Mas ativistas como Jethwa, que tentaram avançar ainda mais o uso dessas informações – realizando inquéritos sobre o cruzamento perigoso de negócios de alto risco e poder político – têm pagado caro. Cerca de uma dúzia dessas pessoas foi morta desde 2005, quando a lei foi promulgada, e inúmeras outras foram espancadas e perseguidas.

A lei era para ser um necessário nivelador entre governantes e governados. De muitas maneiras, ela tem funcionado, dando aos cidadãos o poder de exigir prestação de contas dos burocratas e políticos.

Quando a lei foi aprovada, Jethwa, um ativista de longa data que manteve ao longo de sua vida um profundo rancor contra aqueles que abusam do poder oficial, imediatamente a aproveitou como uma nova e poderosa ferramenta.

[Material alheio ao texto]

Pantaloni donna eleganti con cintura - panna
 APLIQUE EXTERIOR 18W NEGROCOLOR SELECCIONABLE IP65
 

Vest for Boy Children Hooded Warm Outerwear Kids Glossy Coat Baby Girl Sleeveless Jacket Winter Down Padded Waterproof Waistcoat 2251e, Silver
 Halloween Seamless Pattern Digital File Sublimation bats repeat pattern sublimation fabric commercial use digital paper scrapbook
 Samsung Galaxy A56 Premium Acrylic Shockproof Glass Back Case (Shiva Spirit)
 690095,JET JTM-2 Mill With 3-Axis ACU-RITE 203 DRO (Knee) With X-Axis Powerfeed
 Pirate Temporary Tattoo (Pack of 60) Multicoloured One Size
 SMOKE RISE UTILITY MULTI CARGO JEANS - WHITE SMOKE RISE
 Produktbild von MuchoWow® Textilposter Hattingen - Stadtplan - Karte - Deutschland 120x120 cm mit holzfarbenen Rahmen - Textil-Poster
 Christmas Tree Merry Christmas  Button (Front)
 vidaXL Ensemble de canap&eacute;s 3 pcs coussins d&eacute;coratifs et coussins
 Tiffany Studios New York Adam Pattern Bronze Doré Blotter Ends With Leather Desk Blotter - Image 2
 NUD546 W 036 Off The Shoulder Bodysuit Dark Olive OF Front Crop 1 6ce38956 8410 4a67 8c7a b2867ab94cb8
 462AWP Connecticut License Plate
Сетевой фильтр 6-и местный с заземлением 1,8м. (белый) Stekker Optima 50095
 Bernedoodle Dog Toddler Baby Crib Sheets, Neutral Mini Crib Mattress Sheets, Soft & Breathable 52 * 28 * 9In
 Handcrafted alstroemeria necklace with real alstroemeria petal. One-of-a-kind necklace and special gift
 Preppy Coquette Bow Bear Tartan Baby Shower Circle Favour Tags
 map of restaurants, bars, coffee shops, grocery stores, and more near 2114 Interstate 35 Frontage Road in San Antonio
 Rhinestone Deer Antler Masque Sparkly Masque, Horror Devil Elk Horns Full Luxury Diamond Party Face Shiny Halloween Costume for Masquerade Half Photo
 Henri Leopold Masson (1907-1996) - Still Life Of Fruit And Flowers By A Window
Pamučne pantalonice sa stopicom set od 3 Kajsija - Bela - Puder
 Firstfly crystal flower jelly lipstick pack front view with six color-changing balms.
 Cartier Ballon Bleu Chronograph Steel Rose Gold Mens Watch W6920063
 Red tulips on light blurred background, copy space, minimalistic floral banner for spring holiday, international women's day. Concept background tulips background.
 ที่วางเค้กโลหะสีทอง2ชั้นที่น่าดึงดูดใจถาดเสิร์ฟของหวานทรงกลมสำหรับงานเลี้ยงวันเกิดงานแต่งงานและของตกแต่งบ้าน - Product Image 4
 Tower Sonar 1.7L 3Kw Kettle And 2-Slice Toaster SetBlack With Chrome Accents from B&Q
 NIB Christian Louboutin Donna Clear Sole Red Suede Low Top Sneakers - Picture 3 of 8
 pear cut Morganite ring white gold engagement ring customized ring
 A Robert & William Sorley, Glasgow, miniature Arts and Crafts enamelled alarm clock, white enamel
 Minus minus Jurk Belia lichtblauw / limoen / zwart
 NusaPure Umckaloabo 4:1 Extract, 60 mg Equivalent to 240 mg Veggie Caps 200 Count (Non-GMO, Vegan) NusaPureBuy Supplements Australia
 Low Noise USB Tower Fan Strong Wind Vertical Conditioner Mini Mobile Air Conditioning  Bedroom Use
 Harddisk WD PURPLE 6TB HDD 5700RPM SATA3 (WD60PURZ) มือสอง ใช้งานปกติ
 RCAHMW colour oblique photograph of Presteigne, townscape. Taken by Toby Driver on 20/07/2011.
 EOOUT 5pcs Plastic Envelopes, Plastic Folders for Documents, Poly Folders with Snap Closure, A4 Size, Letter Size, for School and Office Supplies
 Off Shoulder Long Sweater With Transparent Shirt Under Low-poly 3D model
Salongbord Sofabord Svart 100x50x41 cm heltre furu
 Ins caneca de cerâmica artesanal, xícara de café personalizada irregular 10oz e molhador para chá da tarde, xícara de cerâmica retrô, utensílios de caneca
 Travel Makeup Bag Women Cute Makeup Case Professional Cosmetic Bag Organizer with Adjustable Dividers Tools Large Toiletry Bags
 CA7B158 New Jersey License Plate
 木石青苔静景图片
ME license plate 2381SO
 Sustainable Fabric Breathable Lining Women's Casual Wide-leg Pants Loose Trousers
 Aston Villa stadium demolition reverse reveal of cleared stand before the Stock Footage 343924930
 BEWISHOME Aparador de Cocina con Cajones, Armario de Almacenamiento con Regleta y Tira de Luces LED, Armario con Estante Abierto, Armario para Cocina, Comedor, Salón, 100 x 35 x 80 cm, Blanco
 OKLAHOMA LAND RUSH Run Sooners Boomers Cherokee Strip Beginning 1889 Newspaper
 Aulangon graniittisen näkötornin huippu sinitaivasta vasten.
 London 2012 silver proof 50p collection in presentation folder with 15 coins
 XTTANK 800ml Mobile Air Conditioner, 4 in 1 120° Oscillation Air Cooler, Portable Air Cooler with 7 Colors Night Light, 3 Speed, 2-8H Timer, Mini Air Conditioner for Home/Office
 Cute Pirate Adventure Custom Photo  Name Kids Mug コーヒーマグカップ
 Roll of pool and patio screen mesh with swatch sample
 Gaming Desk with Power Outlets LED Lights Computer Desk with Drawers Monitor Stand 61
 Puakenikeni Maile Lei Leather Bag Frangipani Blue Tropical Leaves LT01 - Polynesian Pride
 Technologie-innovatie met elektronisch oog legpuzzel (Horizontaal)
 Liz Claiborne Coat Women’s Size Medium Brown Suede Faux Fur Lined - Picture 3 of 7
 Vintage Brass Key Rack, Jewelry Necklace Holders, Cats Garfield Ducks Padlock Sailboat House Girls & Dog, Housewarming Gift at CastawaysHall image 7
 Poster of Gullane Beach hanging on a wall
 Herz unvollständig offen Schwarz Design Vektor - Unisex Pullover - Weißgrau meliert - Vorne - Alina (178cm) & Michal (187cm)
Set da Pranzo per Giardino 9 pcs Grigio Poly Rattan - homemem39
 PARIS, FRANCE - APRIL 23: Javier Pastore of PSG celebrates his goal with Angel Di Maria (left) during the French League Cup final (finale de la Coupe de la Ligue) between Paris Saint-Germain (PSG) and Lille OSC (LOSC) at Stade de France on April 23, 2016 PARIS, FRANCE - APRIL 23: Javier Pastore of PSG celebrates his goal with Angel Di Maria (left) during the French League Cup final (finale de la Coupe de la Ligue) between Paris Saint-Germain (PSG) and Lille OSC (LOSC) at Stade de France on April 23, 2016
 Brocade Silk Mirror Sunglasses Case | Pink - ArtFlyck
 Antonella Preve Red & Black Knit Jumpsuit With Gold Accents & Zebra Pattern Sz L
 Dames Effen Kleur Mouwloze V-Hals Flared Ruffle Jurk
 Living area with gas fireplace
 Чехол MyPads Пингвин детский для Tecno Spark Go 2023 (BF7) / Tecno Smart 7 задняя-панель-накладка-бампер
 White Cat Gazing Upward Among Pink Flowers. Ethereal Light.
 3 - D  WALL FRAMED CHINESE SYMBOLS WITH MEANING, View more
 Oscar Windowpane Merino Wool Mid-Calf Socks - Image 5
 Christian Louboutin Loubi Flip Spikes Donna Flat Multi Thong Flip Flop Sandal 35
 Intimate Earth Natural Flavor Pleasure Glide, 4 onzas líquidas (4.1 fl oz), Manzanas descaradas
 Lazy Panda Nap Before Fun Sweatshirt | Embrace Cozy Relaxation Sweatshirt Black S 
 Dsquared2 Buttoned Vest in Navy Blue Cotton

Seu objetivo era acabar com as pedreiras ilegais perto do Parque Nacional de Gir, 1,5 mil km² de floresta e cerrado perto de sua cidade natal, na costa sul de Gujarat, o Estado mais próspero da Índia.

Medidas

Jethwa apresentou inúmeros pedidos de informação para descobrir os nomes de quem opera as minas e para ver que medidas foram tomadas contra eles. Ele descobriu que há cerca de 55 minas ilegais em torno da área de preservação. Um nome se destacou entre os registros de contratos de arrendamento da terra, contas de eletricidade e relatórios de inspeção: Dinubhai Solanki, um membro poderoso do Parlamento pelo Partido Bharatiya, que governa Gujarat.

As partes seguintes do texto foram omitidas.